Reporter: Laurensius Marshall Sautlan Sitanggang | Editor: Tri Adi
Zaman itu, konsep penjualan seperti ini mulai diadopsi toko ritel di AS. Masatoshi meyakinkan keluarganya bahwa perubahan konsep toko ini bisa menggenjot pendapatan dan perekonomian keluarga. Nyatanya, konsep Masatoshi tersebut berhasil.
Ia pun makin yakin bahwa ke depan bisnis konsumer di Jepang akan mengarah pada sebuah rantai ritel yang lebih sederhana dan lengkap. Menurutnya, konsumen berharap dapat memperoleh seluruh kebutuhan dalam satu tempat.

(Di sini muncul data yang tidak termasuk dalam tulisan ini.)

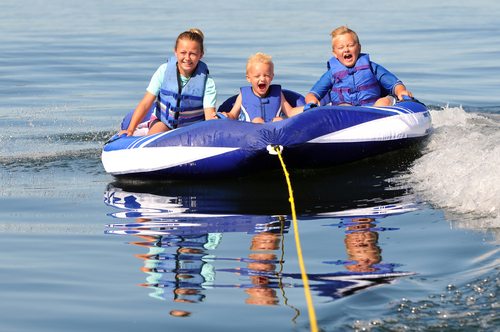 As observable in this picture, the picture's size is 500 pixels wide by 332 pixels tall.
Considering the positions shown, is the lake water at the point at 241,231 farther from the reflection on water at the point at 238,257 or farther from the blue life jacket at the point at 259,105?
the blue life jacket at the point at 259,105

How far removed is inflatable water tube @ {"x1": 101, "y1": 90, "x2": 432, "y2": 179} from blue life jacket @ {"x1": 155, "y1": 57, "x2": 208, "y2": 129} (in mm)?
453

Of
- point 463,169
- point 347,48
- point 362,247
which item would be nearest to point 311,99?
point 347,48

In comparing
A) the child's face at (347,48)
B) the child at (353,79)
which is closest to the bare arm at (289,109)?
the child at (353,79)

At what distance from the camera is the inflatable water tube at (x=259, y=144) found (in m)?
8.48

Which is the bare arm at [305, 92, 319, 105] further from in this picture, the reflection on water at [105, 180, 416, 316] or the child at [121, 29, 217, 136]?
the reflection on water at [105, 180, 416, 316]

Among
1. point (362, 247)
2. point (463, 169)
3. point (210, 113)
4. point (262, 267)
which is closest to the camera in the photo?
point (262, 267)

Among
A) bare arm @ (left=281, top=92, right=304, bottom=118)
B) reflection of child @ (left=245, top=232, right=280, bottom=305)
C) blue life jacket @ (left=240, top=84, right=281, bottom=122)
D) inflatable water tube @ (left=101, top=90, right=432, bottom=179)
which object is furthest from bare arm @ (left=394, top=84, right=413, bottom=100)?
reflection of child @ (left=245, top=232, right=280, bottom=305)

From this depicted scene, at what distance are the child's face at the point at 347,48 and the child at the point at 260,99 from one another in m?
0.85

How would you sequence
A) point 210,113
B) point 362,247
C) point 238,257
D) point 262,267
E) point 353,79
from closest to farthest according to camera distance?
1. point 262,267
2. point 238,257
3. point 362,247
4. point 210,113
5. point 353,79

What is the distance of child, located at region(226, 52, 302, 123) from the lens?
9211 mm

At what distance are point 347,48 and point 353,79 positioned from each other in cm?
28

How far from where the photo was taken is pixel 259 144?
27.6 feet

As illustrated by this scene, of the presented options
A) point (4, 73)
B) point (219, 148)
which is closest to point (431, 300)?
point (219, 148)

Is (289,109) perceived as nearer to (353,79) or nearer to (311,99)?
(311,99) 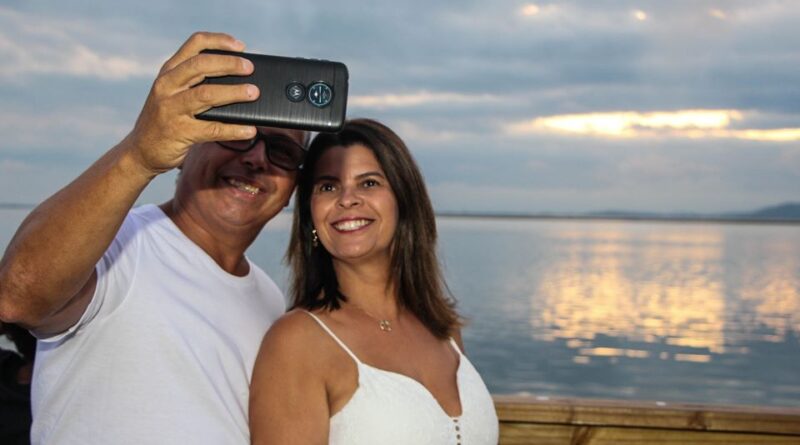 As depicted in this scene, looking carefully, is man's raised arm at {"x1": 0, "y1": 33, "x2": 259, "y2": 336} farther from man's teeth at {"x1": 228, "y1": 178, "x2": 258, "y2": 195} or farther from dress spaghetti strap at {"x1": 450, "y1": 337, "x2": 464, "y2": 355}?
dress spaghetti strap at {"x1": 450, "y1": 337, "x2": 464, "y2": 355}

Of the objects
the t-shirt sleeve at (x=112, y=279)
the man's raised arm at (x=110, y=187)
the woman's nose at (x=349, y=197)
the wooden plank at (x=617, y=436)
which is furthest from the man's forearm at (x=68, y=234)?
the wooden plank at (x=617, y=436)

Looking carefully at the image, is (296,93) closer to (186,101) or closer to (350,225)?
(186,101)

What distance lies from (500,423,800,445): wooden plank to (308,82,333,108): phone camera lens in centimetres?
143

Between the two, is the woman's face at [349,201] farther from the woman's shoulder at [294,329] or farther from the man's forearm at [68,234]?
the man's forearm at [68,234]

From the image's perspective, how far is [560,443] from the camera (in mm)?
2596

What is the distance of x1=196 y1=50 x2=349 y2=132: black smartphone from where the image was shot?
1.43 meters

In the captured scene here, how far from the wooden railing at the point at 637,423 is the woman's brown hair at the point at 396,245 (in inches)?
13.3

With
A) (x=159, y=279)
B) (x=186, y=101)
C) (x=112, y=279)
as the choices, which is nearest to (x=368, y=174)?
(x=159, y=279)

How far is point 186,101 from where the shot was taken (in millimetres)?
1368

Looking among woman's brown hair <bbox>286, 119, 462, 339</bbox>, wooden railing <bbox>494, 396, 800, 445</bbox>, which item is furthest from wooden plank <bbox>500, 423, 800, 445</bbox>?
woman's brown hair <bbox>286, 119, 462, 339</bbox>

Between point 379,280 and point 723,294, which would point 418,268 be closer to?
point 379,280

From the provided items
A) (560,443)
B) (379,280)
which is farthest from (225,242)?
(560,443)

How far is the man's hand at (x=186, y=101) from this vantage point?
1.37 m

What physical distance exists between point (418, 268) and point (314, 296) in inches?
13.2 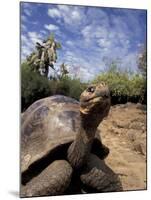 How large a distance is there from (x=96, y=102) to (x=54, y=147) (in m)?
0.45

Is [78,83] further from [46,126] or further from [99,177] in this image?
[99,177]

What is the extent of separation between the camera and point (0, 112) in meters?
2.77

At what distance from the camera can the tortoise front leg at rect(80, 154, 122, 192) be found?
282 centimetres

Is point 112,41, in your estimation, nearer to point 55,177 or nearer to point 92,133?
point 92,133

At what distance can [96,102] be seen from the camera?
2.46 meters

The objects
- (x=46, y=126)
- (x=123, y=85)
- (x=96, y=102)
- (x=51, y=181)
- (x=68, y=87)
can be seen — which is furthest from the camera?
(x=123, y=85)

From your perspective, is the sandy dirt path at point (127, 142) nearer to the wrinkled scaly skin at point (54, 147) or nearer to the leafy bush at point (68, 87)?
the wrinkled scaly skin at point (54, 147)

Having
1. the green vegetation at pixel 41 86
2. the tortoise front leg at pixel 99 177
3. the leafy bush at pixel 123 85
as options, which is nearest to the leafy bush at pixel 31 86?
the green vegetation at pixel 41 86

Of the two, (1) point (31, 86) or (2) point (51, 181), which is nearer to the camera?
(2) point (51, 181)

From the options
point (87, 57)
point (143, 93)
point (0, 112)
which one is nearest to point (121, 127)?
point (143, 93)

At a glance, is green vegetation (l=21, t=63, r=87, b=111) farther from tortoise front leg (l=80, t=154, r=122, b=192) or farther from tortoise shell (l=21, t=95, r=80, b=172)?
tortoise front leg (l=80, t=154, r=122, b=192)

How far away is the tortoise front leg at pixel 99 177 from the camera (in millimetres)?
2816

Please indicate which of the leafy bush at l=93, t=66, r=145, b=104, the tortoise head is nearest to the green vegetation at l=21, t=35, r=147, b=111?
the leafy bush at l=93, t=66, r=145, b=104

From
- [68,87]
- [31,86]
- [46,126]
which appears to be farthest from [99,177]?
[31,86]
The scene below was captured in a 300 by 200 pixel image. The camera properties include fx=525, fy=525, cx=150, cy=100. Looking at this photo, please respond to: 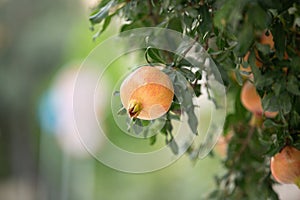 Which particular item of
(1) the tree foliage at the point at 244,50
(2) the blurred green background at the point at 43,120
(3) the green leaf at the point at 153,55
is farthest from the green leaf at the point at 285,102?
(2) the blurred green background at the point at 43,120

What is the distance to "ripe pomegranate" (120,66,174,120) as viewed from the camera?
38 centimetres

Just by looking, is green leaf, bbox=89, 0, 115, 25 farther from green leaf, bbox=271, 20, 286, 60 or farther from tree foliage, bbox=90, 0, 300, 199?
green leaf, bbox=271, 20, 286, 60

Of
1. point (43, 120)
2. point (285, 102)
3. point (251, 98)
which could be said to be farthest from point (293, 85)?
point (43, 120)

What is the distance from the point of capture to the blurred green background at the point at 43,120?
1.54 metres

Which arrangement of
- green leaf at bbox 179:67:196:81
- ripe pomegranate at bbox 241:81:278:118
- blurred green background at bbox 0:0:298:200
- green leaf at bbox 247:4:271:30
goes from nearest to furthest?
green leaf at bbox 247:4:271:30 → green leaf at bbox 179:67:196:81 → ripe pomegranate at bbox 241:81:278:118 → blurred green background at bbox 0:0:298:200

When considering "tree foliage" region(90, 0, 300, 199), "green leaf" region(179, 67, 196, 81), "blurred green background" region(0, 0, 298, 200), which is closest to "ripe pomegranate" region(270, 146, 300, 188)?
"tree foliage" region(90, 0, 300, 199)

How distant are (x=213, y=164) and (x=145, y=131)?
0.79 metres

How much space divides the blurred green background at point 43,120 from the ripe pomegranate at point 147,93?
110 cm

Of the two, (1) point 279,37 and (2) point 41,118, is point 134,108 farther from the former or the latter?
(2) point 41,118

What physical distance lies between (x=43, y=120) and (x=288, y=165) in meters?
1.22

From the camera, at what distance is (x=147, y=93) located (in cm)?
38

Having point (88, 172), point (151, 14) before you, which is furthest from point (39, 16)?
point (151, 14)

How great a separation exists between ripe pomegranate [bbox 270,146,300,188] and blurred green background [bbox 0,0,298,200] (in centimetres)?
103

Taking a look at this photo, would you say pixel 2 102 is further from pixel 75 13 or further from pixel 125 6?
pixel 125 6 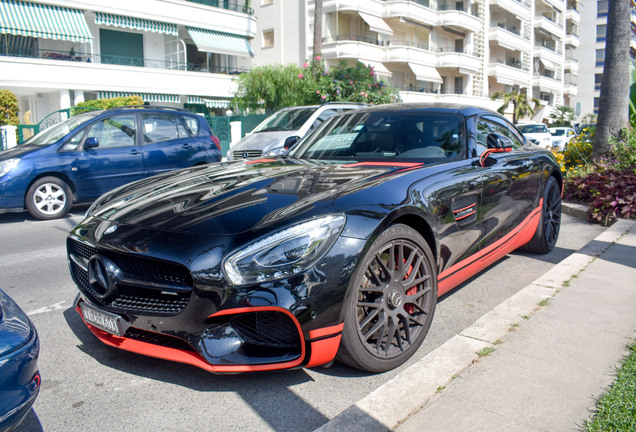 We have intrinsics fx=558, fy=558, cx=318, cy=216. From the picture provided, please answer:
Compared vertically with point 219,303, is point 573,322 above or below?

Lagi pula, menurut Masatoshi, Jepang merupakan negara yang terbilang konsumtif. Karena itu, mengubah toko kecil menjadi sebuah supermarket menjadi langkah brilian untuk memajukan usahanya.
Setelah Masatoshi berhasil membuat perubahan besar dalam bisnis ritel keluarga, dia kemudian diminta terjun aktif pada Oktober 1961. Kala itu, bisnis Yokado Yohinten perlahan mulai bangkit pasca perang dunia kedua.
Memegang kendali penuh, Masatoshi pun melebarkan ekspansi. Ia membuka toko kedua Yokado Yohinten di Akabane, Tokyo. Bisa dibilang, pembukaan cabang ini menjadi titik tolak Masatoshi di bisnis ritel.
Perjudian membuka cabang ternyata membuahkan hasil manis. Masatoshi berhasil mencetak untung cukup besar pada cabang barunya tersebut dalam dua tahun.
Ini pula yang membuatnya kian bersemangat melebarkan jaringan bisnis ritelnya. Bahkan pada lokasi yang sama, Masatoshi membuka kembali cabang baru. Tak heran, pada tahun 1963 pendapatan Yokado Yohinten meningkat dua kali lipat.
Baru pada tahun 1965 setelah Masatoshi merasa sudah cukup matang dalam menjalani bisnis ini, dia pun mengubah nama perusahaan Yokado Yohinten menjadi Ito Yokado. Di perusahaan tersebut, Masatoshi menjadi pemimpin perusahaan.
Dengan bendera baru, Masatoshi berambisi menjadi penguasa pasar bisnis ritel di Jepang. Perlahan tapi pasti, keinginan tersebut pun terwujud. Pada 1970, ia membuka sembilan toko baru Ito-Yokado. Bisnisnya pun mencakup supermarket di Noda, Chiba.